Previous observational research that has examined spending among chiropractic patients compared with medical care patients suggests that chiropractic care may reduce utilization of and expenditures on medical services for back pain.13,14 Traditional observational studies use assignment of patients to a specific treatment type (eg, chiropractic vs usual care) to study the cost of chiropractic care. These designs, however, are unable to account for the potential impacts from those who choose to use chiropractic care in place of medical care.
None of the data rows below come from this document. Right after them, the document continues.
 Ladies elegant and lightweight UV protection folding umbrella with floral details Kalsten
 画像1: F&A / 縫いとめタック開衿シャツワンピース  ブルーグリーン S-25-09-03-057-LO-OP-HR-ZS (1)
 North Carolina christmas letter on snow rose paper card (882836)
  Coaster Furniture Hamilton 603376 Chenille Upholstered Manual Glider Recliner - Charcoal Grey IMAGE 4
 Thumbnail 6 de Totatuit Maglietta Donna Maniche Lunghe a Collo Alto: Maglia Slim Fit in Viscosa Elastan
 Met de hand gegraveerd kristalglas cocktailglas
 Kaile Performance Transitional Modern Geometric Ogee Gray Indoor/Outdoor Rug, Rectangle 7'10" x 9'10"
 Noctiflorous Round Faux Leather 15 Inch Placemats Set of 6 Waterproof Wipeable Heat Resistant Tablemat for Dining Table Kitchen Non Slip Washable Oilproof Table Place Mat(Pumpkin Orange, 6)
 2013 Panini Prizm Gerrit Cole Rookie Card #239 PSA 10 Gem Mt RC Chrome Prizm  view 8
To date, previous studies have neglected to consider such indirect effects of the service on the system at large.

Therefore, we performed a quasi-experimental study to examine how accessibility of chiropractic care among Medicare beneficiaries affects healthcare spending for spine conditions. To do so, we used a cohort of older adults in Medicare with back and/or neck pain who relocated and experienced a change in geographic accessibility of chiropractic care. In this way, the change in accessibility of chiropractic care served as a proxy for access to the service among Medicare beneficiaries, providing us with the unique opportunity to observe how either reducing or increasing access affects spine-related spending among older adults.


We examined the effect of accessibility of chiropractic care on spine-related spending using a quasi-experimental design. For our study, we geocoded Medicare beneficiaries and identified a cohort with back and/or neck pain who relocated once from 2010 to 2014. Then, using the variable-distance enhanced 2-step floating catchment area method15,16 to estimate provider to population ratios, we determined the effect of a change in accessibility of chiropractic care on spine-related spending. This method for estimating provider accessibility is the gold standard because it has a higher resolution that incorporates travel time, takes into account the location of healthcare in adjacent areas, and is less affected by choice of geographic scale.
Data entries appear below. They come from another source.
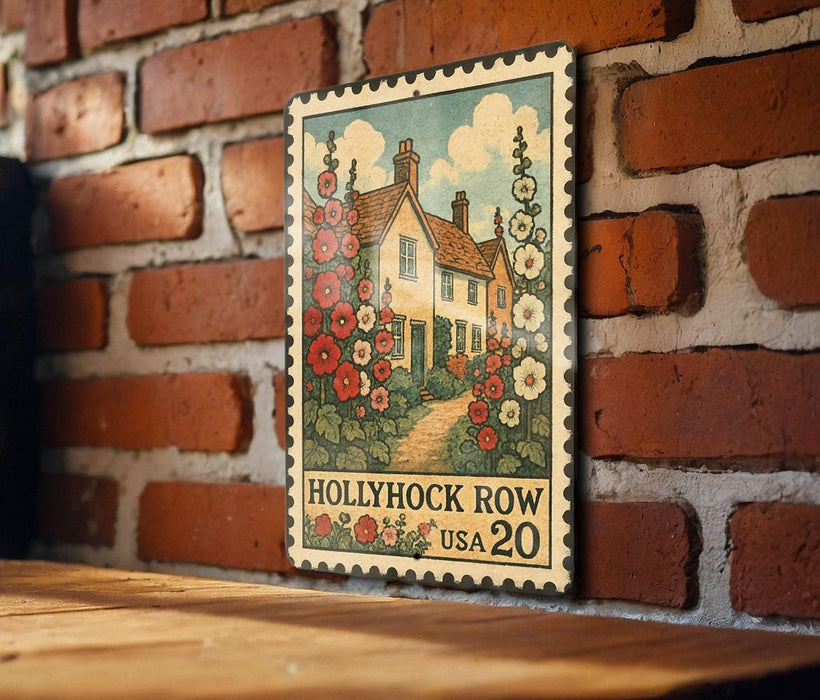 A vintage postage stamp featuring a house surrounded by flowers, mounted on a brick wall.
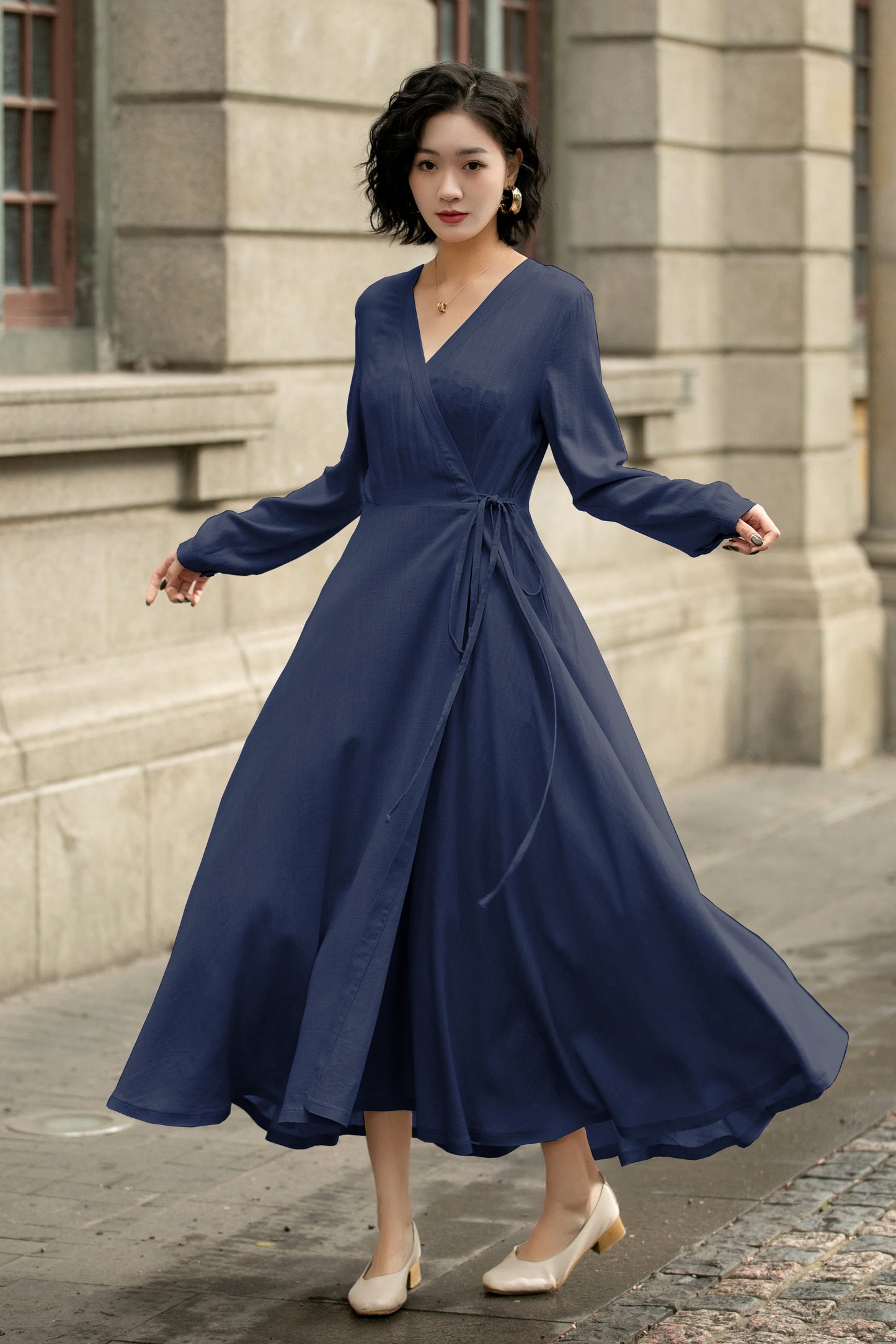 Handmade Linen Cotton Wrap Midi Dress – Vintage Elegant V-Neck Swing Dress 6301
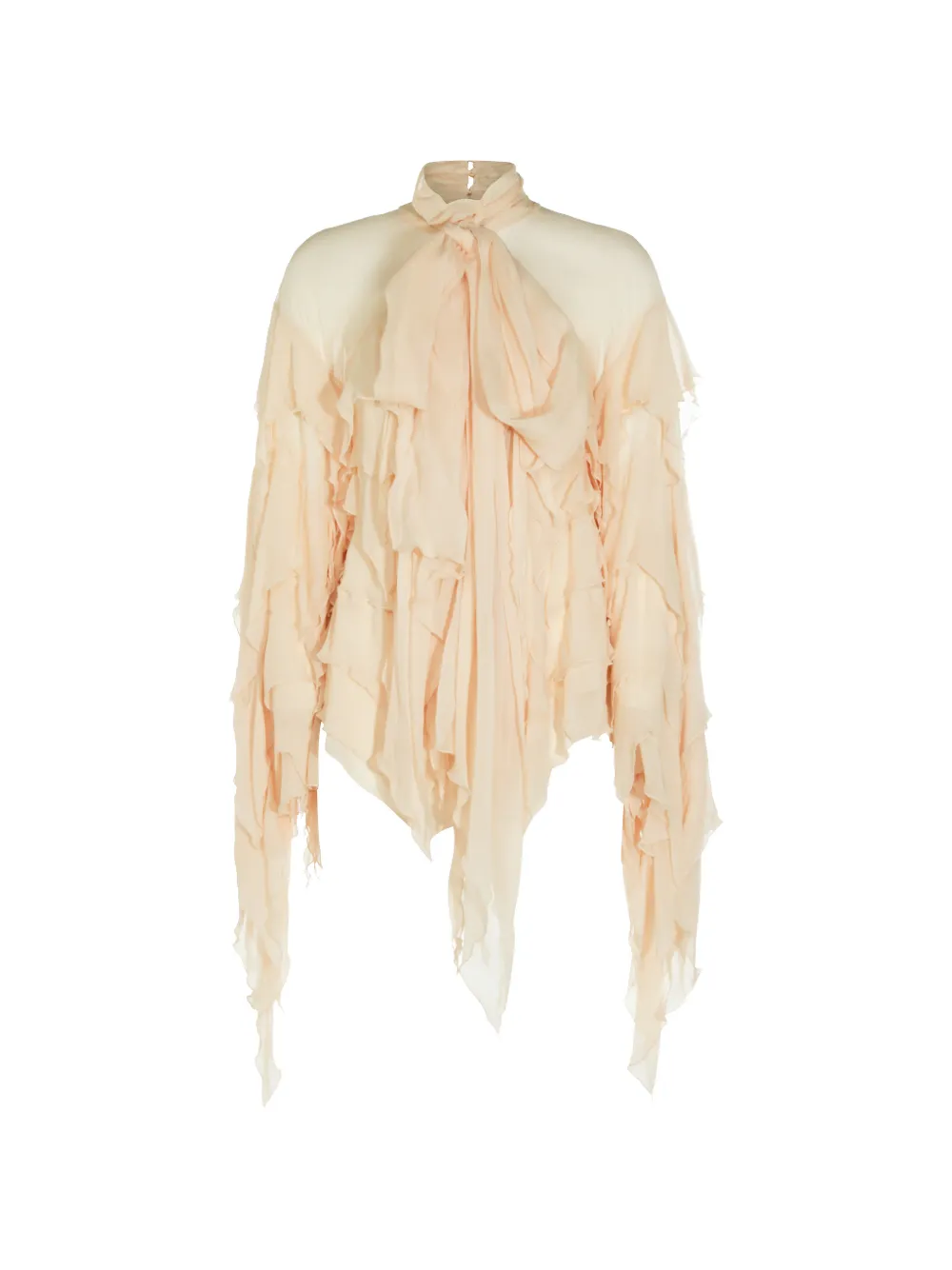 Blumarine ruffled asymmetric blouse - Nude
As our study used administrative claims and publicly available data on healthcare providers, it received an expedited review by the University of Michigan Health Sciences and Behavioral Sciences Institutional Review Board.

Study Population

First, we identified all older adults (65 years and older) enrolled in Medicare Part B throughout 2010 to 2014—this resulted in the identification of 16,842,729 beneficiaries (eAppendix Figure 1 [eAppendix available at]). For each calendar year, we merged beneficiary residential zip codes with hospital referral regions (HRRs) that represent the 306 regional US healthcare markets. We then identified 986,076 beneficiaries who relocated at least once by changing HRR. We restricted our sample to the 887,917 beneficiaries who relocated only once during the 5-year time period—634,935 had at least 1 year of data prior to and after the relocation (eAppendix Figure 2).
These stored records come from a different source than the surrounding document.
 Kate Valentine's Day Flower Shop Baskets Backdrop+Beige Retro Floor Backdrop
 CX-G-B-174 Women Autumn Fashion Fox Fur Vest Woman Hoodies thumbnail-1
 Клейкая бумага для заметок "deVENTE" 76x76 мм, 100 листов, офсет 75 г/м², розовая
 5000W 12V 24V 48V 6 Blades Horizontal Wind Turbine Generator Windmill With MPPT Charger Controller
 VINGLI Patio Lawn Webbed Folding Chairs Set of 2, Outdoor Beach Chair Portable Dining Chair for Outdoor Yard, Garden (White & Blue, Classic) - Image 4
Of those 634,935, we identified 84,679 beneficiaries who had a back and/or neck pain visit using an established list of International Classification of Disease, Ninth Revision, Clinical Modification codes for spine conditions.17 Our aim was to identify a cohort of beneficiaries who had back and/or neck pain prior to relocation (ie, those most likely to be affected by accessibility of chiropractic care). Therefore, we restricted our sample to beneficiaries who had 2 separate claims for back or neck pain at least 4 months apart in the year prior to relocation.